National Motorcycle Safety Awareness Month

National Motorcycle Safety Awareness Month

May 4, 2020

Imagine you are riding a motorcycle on Interstate 26. The sun is beating down on your back, the wind is rushing past, and you are enjoying the mountain views as you ride towards North Carolina. Suddenly the car in the lane next to you moves into your lane, cutting you off and causing you to hit your brakes and veer off onto the shoulder to avoid a collision. Thankfully, you were able to avoid a crash by remaining vigilant and reacting quickly. Had you not, you likely would have suffered not just property damage but also bodily injury since you were on a motorcycle. Unfortunately, many motorcycle versus automobile collisions do not end as well. So what can motorcyclists as well as automobile drivers both do to increase everyone’s safety on the road?

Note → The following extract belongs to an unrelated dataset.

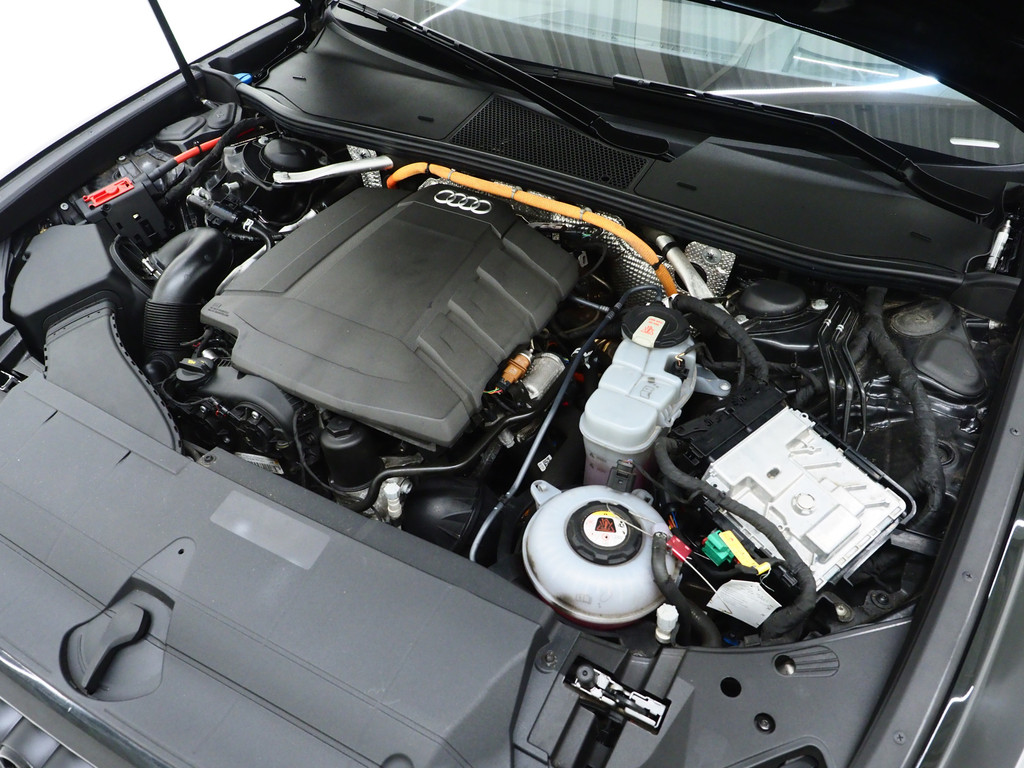 Audi A6 Avant 55 TFSI e quattro Competition Full Black 6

Motorcycle safety and awareness differs from that of cars for several reasons. Motorcyclists are vastly more exposed to dangers on the road and not just from other vehicles. Road debris, such as loose gravel and oil slicks, and weather conditions also pose hazards. Proper protective gear and watchful eyes can help mitigate these conditions, but accidents do still happen. For this reason, Tennessee requires the use of a Department of Transportation approved helmet for drivers and passengers of motorcycles. You can even go a step above by wearing a SNELL-approved helmet, which has undergone more rigorous testing than a helmet with the D.O.T.’s stamp of approval. Even if you are “just going for a quick spin” on your bike, don’t chance injury by ignoring this law. Our firm has sadly seen the tragic end-result of this type of situation, and we stress the importance of safety first. A simple rear-end collision between two automobiles that only results in property damage could mean severe injuries if the collision occurs between a car and a motorcyclist.

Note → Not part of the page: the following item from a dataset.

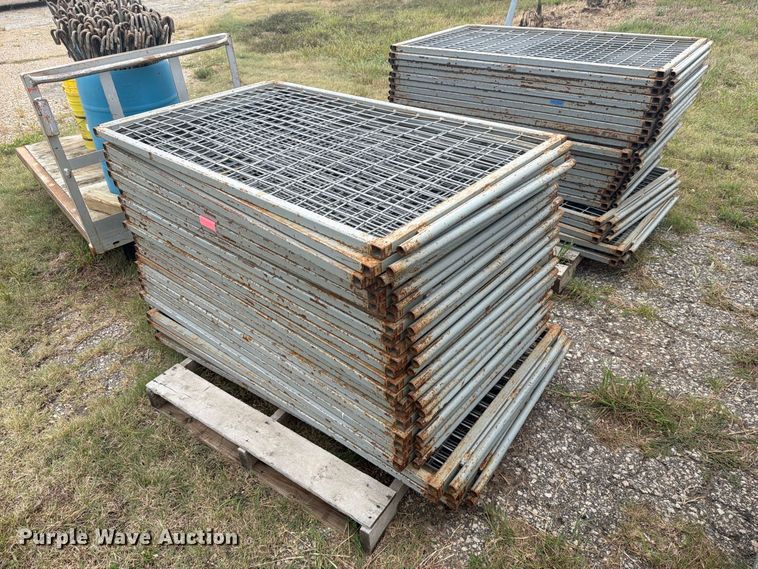 image for item EI7689 Livestock panels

In addition to wearing a proper helmet, motorcyclists should always have an escape plan while riding. If a vehicle unexpectedly changes lanes or stops suddenly, what path will you take to avoid an accident? Is the shoulder of the road available? Can you stop suddenly without causing the vehicle behind you to crash into you? Is there an open lane to move into safely? Motorcyclists should constantly be considering these factors so they can best protect themselves should dangerous situations arise. Other safety tips for motorcyclists are to wear reflective gear at night, regularly check tire pressure and tread, and always make yourself visible to other motorists.

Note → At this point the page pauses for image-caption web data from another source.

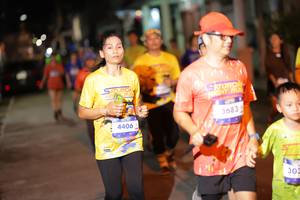 BIB: 4406, 3683, 303
                            <button type="button" onclick="openModal(26244287)" class="btn btn-primary btn-sm float-right btn-popup" data-toggle="modal" data-target=".modal-high-quality">
                        <i class="fas fa-shopping-cart"></i> Add to Cart
                    </button>
                                            <button type="button" onclick="isThisMe(26244287, true)" class="btn btn-success btn-sm float-right btn-popup btn-isme hidden" data-toggle="tooltip" data-placement="bottom" title="นี่คือรูปของคุณใช่ไหม คลิกที่นี่เพื่อเอาเข้าอัลบั้ม">
                        <i class="fas fa-plus"></i> Add to album
                    </button>
                    <button type="button" onclick="isThisMe(26244287, false)" class="btn btn-warning btn-sm float-right btn-popup btn-isnotme hidden">
                        <i class="fas fa-ban"></i> Remove from album
                    </button>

So, what extra precautions can automobile drivers take when on the road? The saying, “Look twice, save a life” is a great starting point. Motorcycles are much smaller than cars and can easily be missed, especially if you are in a hurry or the sun is in your eyes. Take the extra few seconds to double check your surroundings and ensure you are clear to proceed. Always use turn signals when making a turn or changing lanes so any nearby motorcyclists can anticipate the movement and adjust accordingly. Likewise, leave plenty of room between you and a bike. If either of you have to stop quickly or swerve to avoid something, this will protect both of you but especially the exposed motorcyclist.

With all of the risks of being on a motorcycle, why do so many people choose to ride? For some, it is a great distraction from the stresses of everyday life. For others, it is the feeling of freedom they get from being out on the open road with just themselves, their bikes, and nature. No matter how many motorcycle enthusiasts you talk to, though, you’ll get one prevailing consensus: they simply love it! May is National Motorcycle Safety Awareness Month, but be sure to practice the safety tips above every day when on the road. Have fun, be safe, and ride on!